▶ _Recorded information_:
<<<<

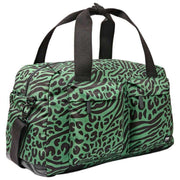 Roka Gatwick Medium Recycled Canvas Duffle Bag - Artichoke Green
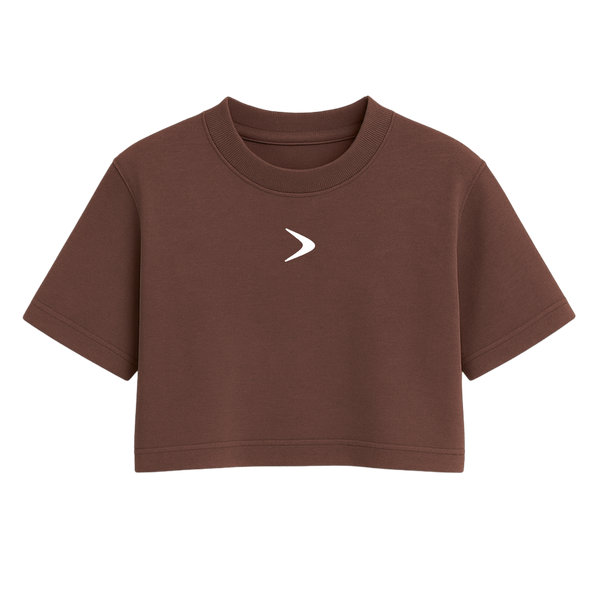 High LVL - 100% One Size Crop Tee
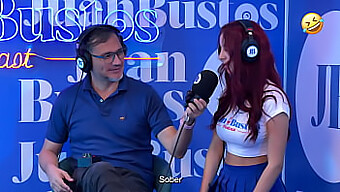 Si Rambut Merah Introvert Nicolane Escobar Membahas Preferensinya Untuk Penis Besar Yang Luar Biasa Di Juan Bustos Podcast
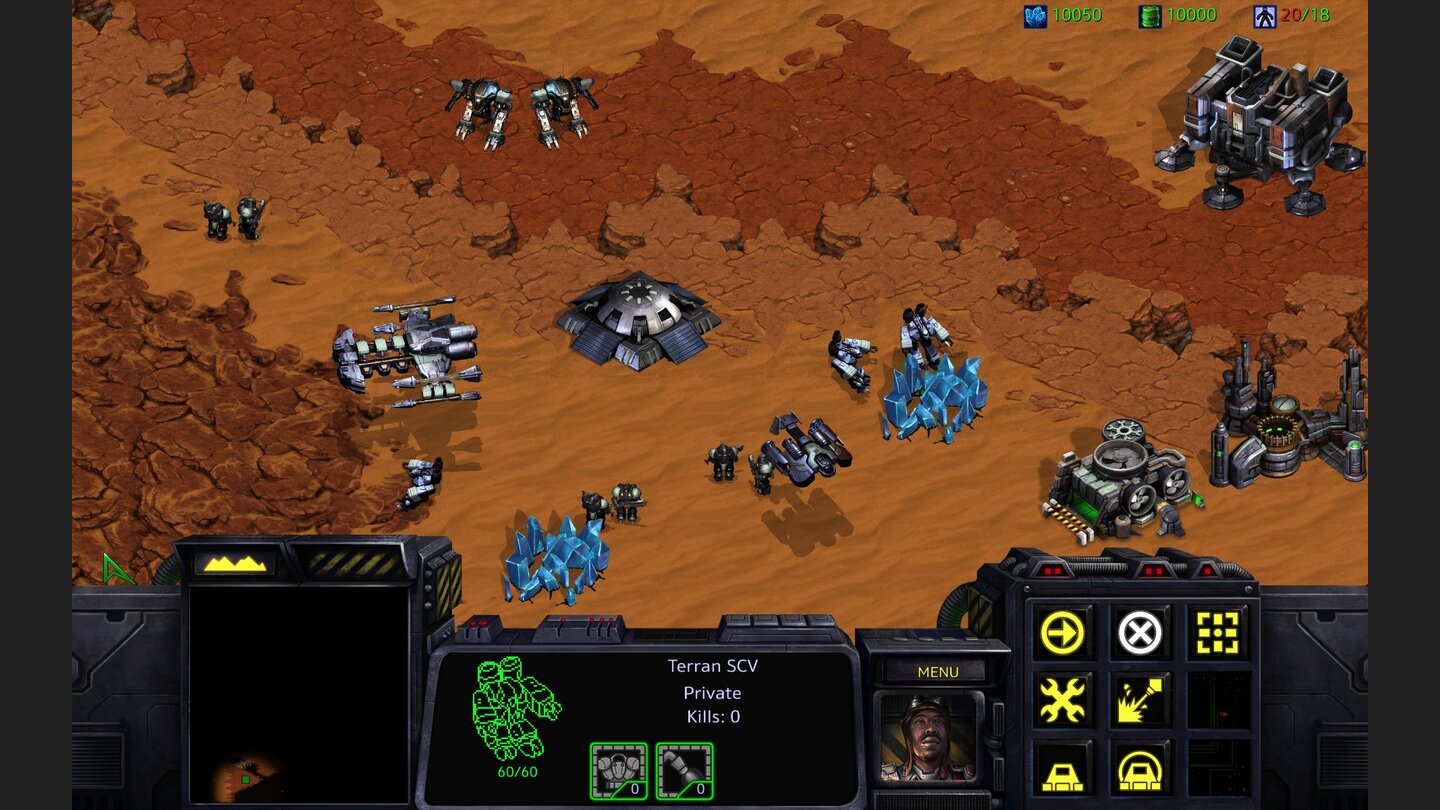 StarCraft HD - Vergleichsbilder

>>>>

▶ _Activity_:
Give back the material word for word, without images.

▶ _Task solution_:
 Roka Gatwick Medium Recycled Canvas Duffle Bag - Artichoke Green
 High LVL - 100% One Size Crop Tee
 Si Rambut Merah Introvert Nicolane Escobar Membahas Preferensinya Untuk Penis Besar Yang Luar Biasa Di Juan Bustos Podcast
 StarCraft HD - Vergleichsbilder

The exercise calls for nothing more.